_WHAT THE TASK REQUIRES_
Reproduce all the entries exactly and keep the pictures out.

_DATA UNDER STUDY_
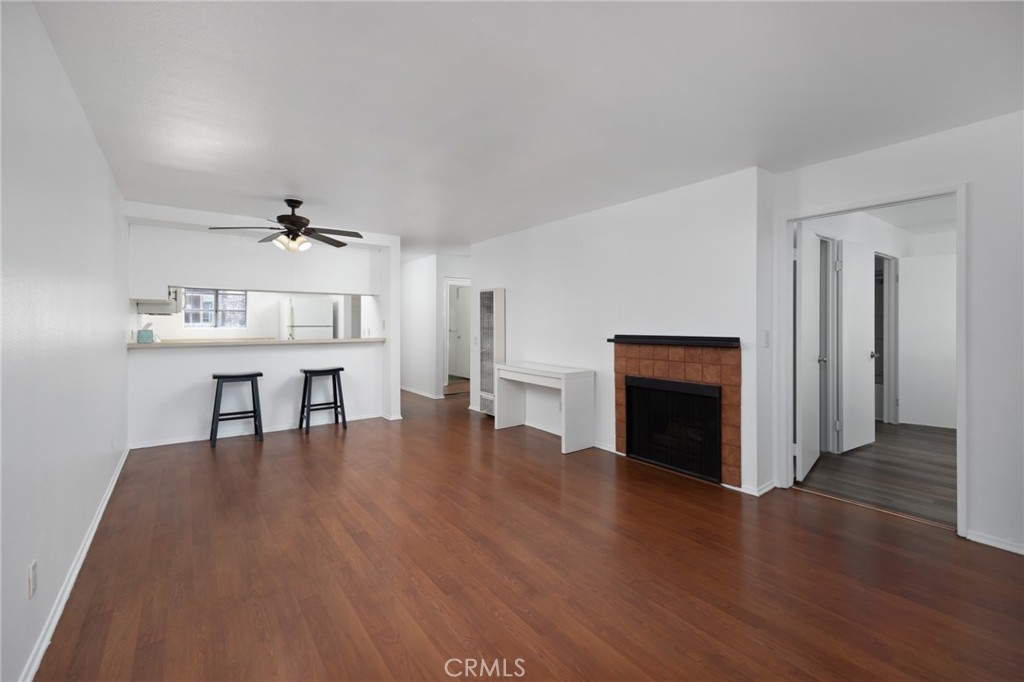 680 Grand Avenue 203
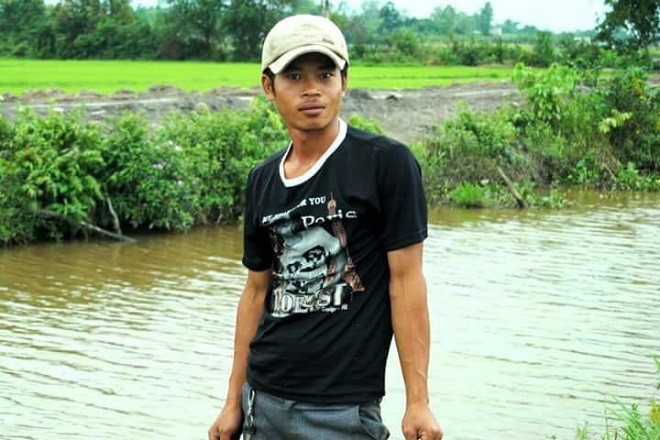 Đằng sau một phim Việt thành công: Những sự thật buồn chưa từng được biết tới! - Ảnh 5. Đằng sau một phim Việt thành công: Những sự thật buồn chưa từng được biết tới! 3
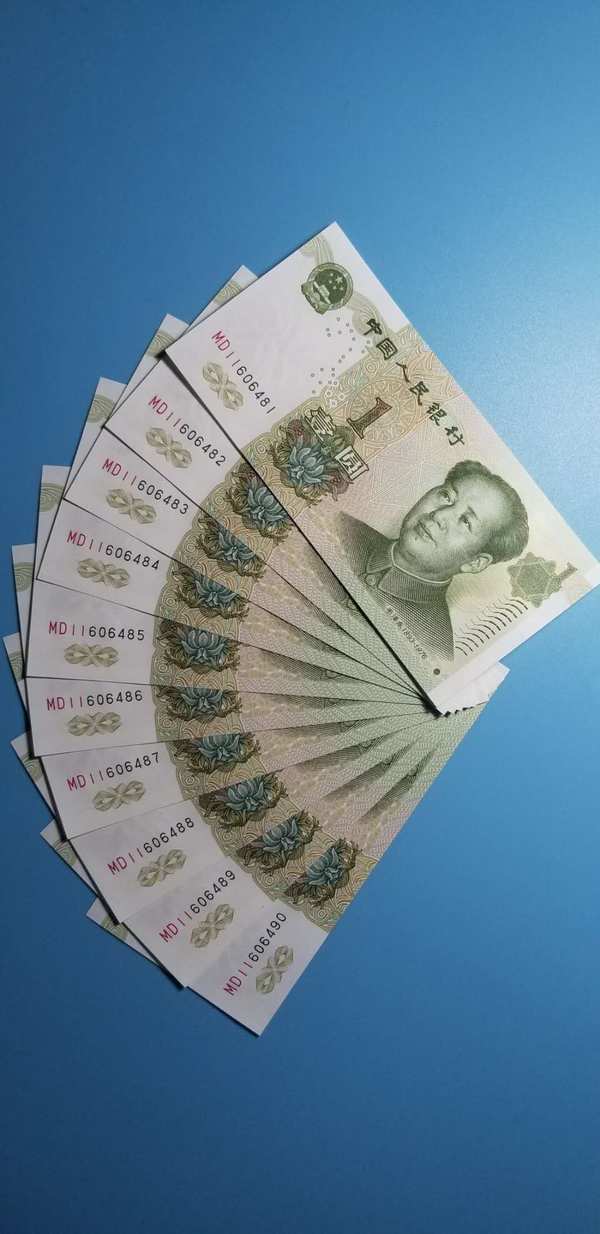 月亮币售价(月亮币涨了多少倍) 月亮币售价(月亮币涨了多少倍)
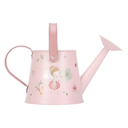 LD9106 ANNAFFIATOIO  FAIR GARDEN rosa little dutch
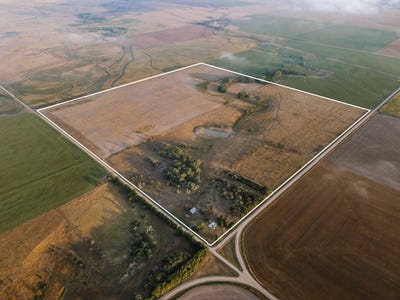 /international/us/00000-mccracken-1-mccracken-ks-110101537437/?lang=es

_RESULT BELOW_
 680 Grand Avenue 203
 Đằng sau một phim Việt thành công: Những sự thật buồn chưa từng được biết tới! - Ảnh 5. Đằng sau một phim Việt thành công: Những sự thật buồn chưa từng được biết tới! 3
 月亮币售价(月亮币涨了多少倍) 月亮币售价(月亮币涨了多少倍)
 LD9106 ANNAFFIATOIO  FAIR GARDEN rosa little dutch
 /international/us/00000-mccracken-1-mccracken-ks-110101537437/?lang=es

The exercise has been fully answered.